◆ WORK INSTRUCTION: Pictures stay out of the output. Return exactly the lines below from the one with "thumbnail image 1" down to the one with "MarketMAPS - MapSales", both included, and nothing more.
*** RECORDS FOR THE TASK ***
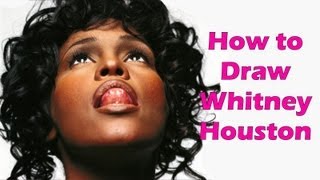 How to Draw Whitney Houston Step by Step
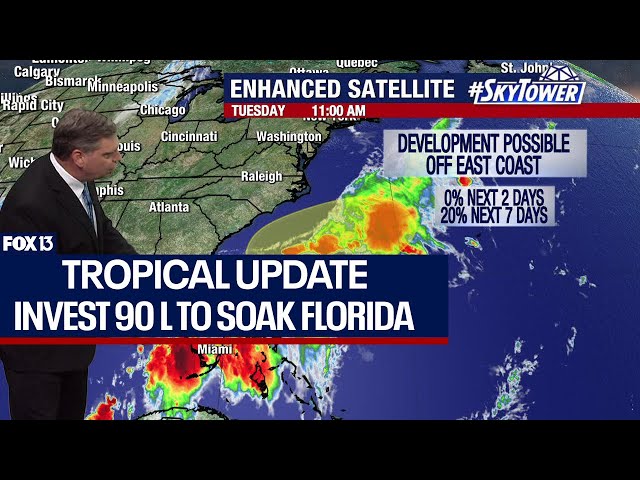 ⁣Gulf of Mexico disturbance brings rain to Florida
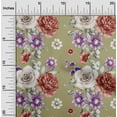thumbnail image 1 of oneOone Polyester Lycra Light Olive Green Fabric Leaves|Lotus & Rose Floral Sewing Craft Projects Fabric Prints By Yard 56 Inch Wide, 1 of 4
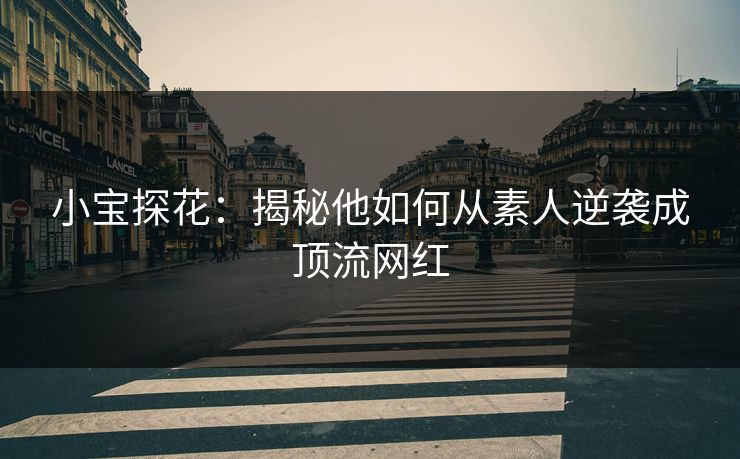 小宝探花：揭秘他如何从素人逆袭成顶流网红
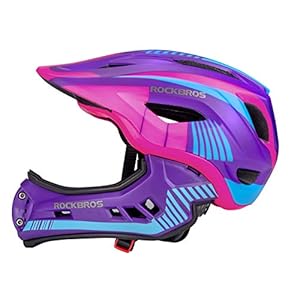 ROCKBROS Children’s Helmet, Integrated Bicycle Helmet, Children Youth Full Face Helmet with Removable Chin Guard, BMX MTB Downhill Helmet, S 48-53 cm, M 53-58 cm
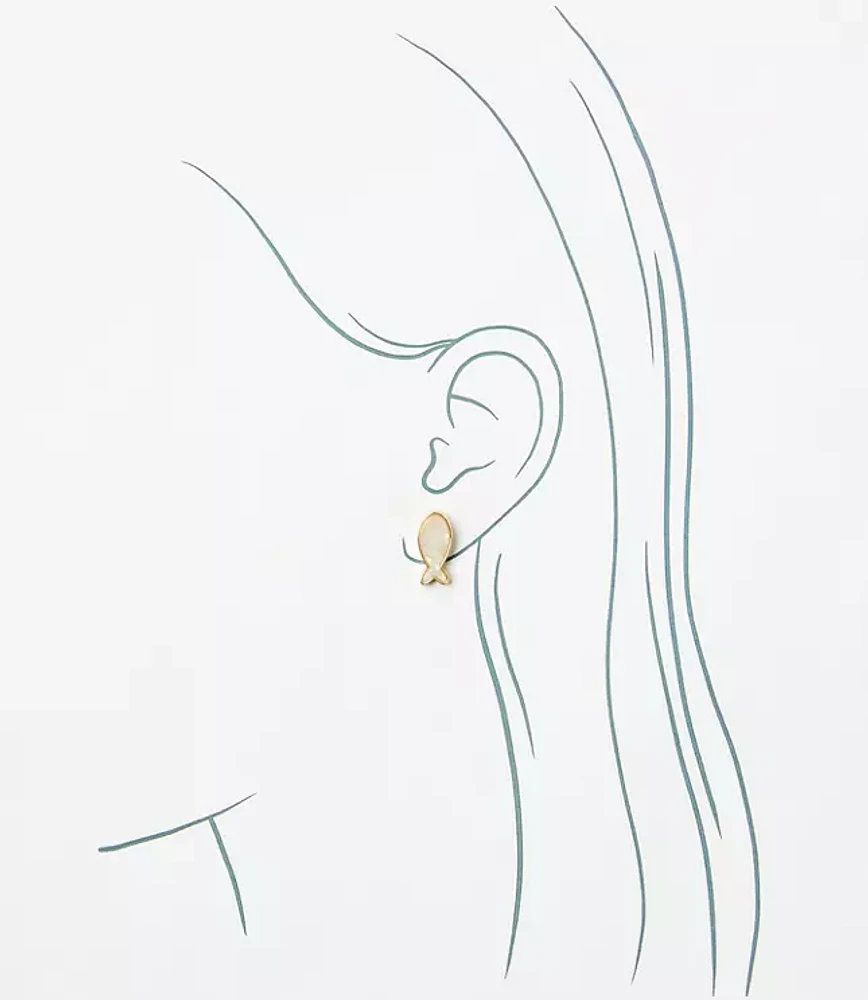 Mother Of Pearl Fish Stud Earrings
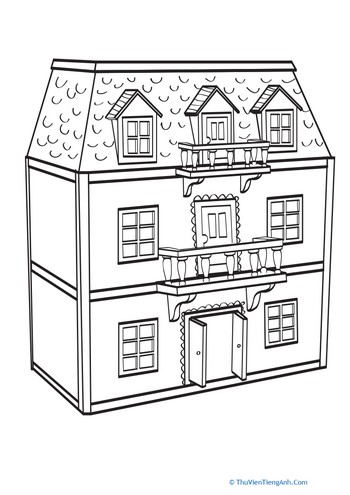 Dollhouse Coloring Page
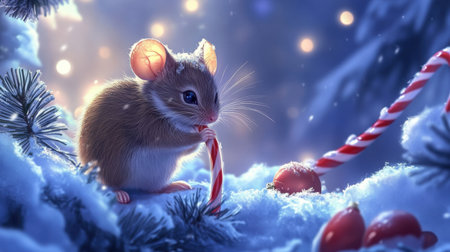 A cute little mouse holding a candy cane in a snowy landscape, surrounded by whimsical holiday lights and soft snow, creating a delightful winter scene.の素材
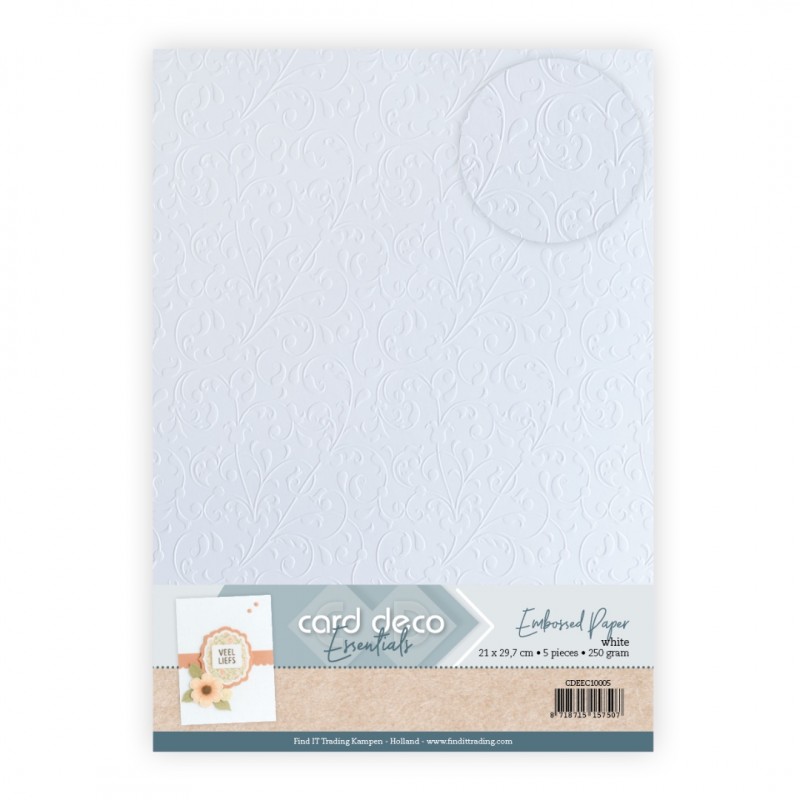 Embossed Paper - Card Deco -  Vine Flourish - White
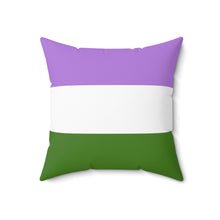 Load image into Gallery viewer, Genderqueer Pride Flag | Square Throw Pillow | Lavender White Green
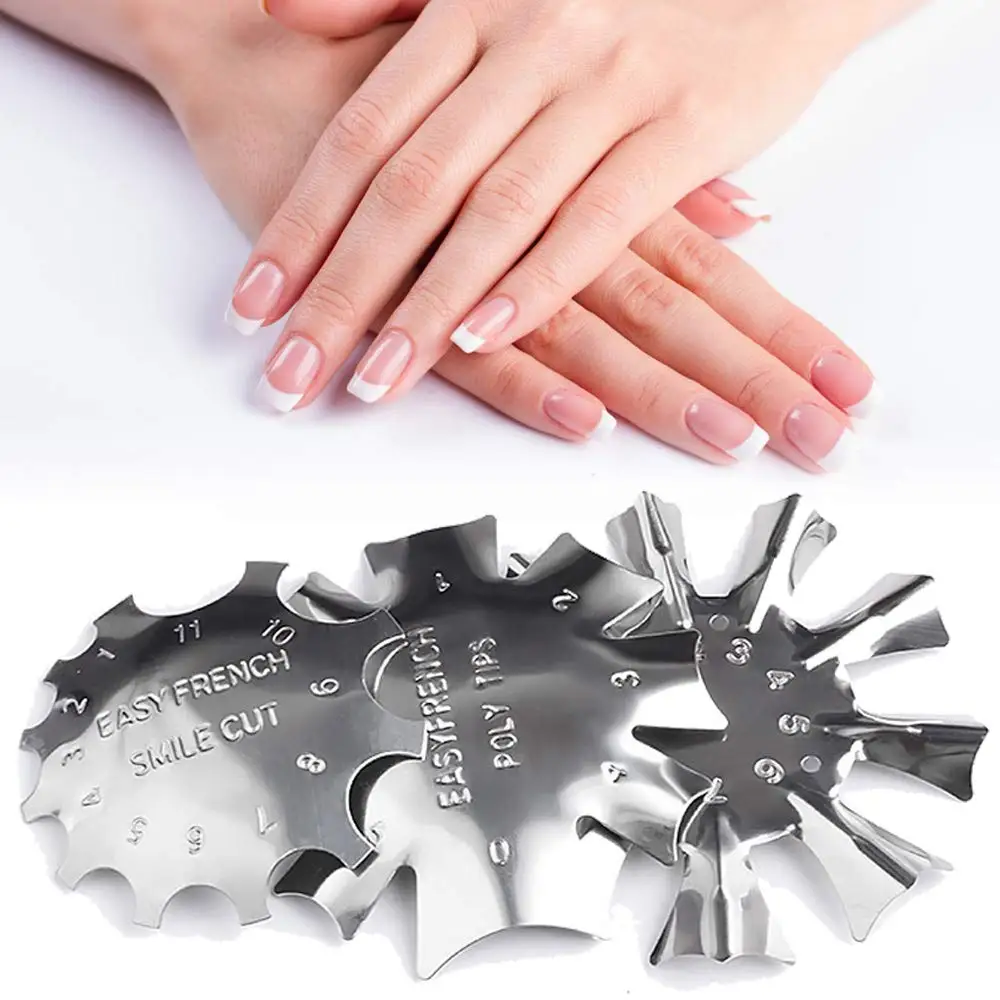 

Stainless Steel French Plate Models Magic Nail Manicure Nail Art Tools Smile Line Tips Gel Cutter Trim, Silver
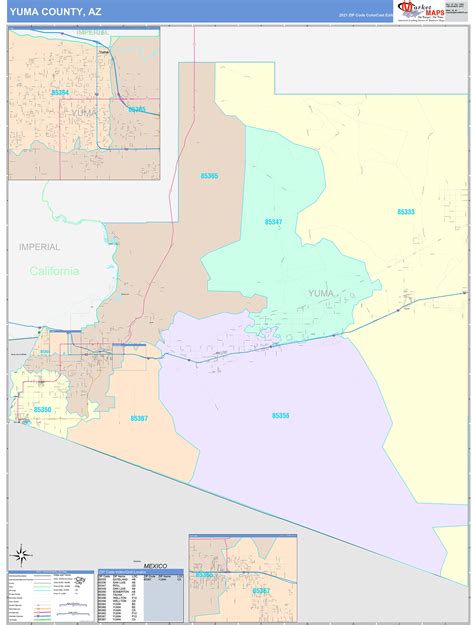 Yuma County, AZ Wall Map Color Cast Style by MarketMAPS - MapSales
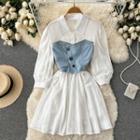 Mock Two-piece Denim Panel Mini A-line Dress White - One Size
*** End of RECORDS FOR THE TASK ***
◆ TASK ANSWER:
thumbnail image 1 of oneOone Polyester Lycra Light Olive Green Fabric Leaves|Lotus & Rose Floral Sewing Craft Projects Fabric Prints By Yard 56 Inch Wide, 1 of 4
 小宝探花：揭秘他如何从素人逆袭成顶流网红
 ROCKBROS Children’s Helmet, Integrated Bicycle Helmet, Children Youth Full Face Helmet with Removable Chin Guard, BMX MTB Downhill Helmet, S 48-53 cm, M 53-58 cm
 Mother Of Pearl Fish Stud Earrings
 Dollhouse Coloring Page
 A cute little mouse holding a candy cane in a snowy landscape, surrounded by whimsical holiday lights and soft snow, creating a delightful winter scene.の素材
 Embossed Paper - Card Deco -  Vine Flourish - White
 Load image into Gallery viewer, Genderqueer Pride Flag | Square Throw Pillow | Lavender White Green

Stainless Steel French Plate Models Magic Nail Manicure Nail Art Tools Smile Line Tips Gel Cutter Trim, Silver
 Yuma County, AZ Wall Map Color Cast Style by MarketMAPS - MapSales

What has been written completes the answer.